NYC’s Building Energy Efficiency Rating Interactive Tool

NYC’s Building Energy Efficiency Rating Interactive Tool

How NYC plans to create a more sustainable city

In 2019, New York City passed the Climate Mobilization Act (CMA), which established greenhouse gas emission standards for residential and commercial properties. Key milestones for building compliance are approaching fast.

Relative to their 2005 emissions, the CMA states that buildings over 25,000 square feet in the city will need to have their emissions reduced dramatically: 40% by 2030 and 80% by 2050, with penalties if those standards are not met. The interactive tool below details the current state of energy efficiency in New York City’s buildings, revealing both the distance that remains to the goal of a more sustainable city and the importance of the financing that will fund that initiative.

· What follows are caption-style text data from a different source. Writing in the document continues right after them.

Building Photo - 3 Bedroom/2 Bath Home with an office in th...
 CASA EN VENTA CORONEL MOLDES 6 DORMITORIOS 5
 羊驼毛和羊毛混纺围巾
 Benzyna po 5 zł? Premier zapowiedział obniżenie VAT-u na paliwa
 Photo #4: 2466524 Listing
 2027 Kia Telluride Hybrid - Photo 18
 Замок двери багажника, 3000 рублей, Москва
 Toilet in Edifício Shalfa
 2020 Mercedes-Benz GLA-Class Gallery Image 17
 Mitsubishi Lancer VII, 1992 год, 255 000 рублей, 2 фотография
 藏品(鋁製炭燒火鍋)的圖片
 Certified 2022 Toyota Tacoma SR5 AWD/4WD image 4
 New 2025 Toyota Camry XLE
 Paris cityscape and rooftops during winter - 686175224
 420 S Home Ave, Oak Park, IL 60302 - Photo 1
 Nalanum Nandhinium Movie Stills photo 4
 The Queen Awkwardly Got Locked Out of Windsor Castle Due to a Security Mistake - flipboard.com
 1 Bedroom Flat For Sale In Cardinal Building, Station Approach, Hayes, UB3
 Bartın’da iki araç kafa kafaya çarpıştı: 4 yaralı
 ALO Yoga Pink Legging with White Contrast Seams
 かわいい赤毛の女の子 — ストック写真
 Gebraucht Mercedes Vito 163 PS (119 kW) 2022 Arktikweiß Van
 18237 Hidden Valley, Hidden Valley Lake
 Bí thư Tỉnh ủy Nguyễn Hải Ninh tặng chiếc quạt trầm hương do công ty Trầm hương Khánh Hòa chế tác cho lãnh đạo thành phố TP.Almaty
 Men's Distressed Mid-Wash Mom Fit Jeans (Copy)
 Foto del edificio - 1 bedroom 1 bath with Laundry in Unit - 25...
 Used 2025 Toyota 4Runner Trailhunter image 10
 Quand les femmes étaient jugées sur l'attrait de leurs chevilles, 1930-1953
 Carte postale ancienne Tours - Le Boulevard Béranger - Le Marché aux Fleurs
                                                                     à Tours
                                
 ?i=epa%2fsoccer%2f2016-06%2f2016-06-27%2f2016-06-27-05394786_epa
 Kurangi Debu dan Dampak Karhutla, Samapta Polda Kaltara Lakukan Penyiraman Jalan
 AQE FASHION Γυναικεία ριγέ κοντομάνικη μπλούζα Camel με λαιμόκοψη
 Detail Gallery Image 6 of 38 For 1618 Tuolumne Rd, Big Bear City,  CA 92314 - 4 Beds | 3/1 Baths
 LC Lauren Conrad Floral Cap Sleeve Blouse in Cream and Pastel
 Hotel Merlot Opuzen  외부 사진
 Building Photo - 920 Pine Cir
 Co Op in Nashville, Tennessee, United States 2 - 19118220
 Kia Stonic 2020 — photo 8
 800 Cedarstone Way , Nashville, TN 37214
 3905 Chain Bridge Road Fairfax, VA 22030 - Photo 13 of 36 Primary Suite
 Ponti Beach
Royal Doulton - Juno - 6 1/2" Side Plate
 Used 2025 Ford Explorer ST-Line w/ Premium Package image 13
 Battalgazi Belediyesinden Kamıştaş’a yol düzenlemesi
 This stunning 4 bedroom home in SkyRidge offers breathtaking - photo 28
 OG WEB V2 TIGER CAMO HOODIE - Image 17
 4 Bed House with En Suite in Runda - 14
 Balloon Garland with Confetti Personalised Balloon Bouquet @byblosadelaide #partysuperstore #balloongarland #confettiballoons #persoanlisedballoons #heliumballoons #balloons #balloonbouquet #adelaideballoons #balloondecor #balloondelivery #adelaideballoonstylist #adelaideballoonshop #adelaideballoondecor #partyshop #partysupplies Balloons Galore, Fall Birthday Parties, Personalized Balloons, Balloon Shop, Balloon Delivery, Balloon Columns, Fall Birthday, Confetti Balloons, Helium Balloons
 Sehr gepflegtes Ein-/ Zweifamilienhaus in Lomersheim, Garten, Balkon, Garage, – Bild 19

Reducing a building’s emissions by 40% (and then 80%) often involves the need for expensive retrofits. Landlords seeking to meet emission standards while remaining financially viable are working to improve the energy efficiencies of their buildings; however, retrofitting older buildings can be a significant expense, both in terms of changes made to the building and the disruption to current tenancy. The investments needed to keep these buildings compliant with these standards and the costs if those real estate assets fail to meet them may have a significant impact on their underlying value.

To ease the burden on businesses needing to boost building efficiency, New York City introduced commercial property assessed clean energy (C-PACE) loans in 2019, and those loans are growing in popularity, driven both by increased energy regulations and a wider market movement toward prioritizing green buildings.

C-PACE Loans Gaining Traction

C-PACE loans have been gaining traction in financing, as demonstrated by their recent presence in the structured products markets, where they have been used as collateral in securitizations. Notably, there have been three public securitizations backed by C-PACE loans in the last four years (CleanFund has issued two, and Greenworks Lending has issued one).

The main properties behind these loans are used for lodging, office space, and mixed-use purposes, while industrial, healthcare, and retail spaces consist of a smaller portion. Initial collateral amounts range from $67 million to $115 million, but the relatively small number of commercial properties behind the collateral means there is strong potential in the market for the issuance of larger securitizations.

In addition to this, lender consent for C-PACE financing seems to be increasing. C-PACE loans are senior to mortgages, which can discourage mortgage originators from approving the origination of a C-PACE loan for a property that already has a mortgage on it (although lender approval is not required). But with the recent tilt toward ESG-compatible investments, value-creating improvements driven by C-PACE financing can increase underlying property value, which can be of benefit to the mortgage originator, increasing lender consent.

Financing to Boost Efficiency

New York City’s CMA and C-PACE loans may set a precedent for other cities, signaling a broader trend across the country of boosting building efficiency. These standards in NYC have implications for anyone involved in the real estate market. For example, portfolio companies will see the value of their real estate assets and energy loans affected, and commercial property owners will see the value of their buildings impacted by their compliance to green standards.

The current state of New York City’s buildings reveals the need for the financing that will enable real estate assets to boost their efficiency; however, how quickly and how effectively landowners meet these standards remains to be seen.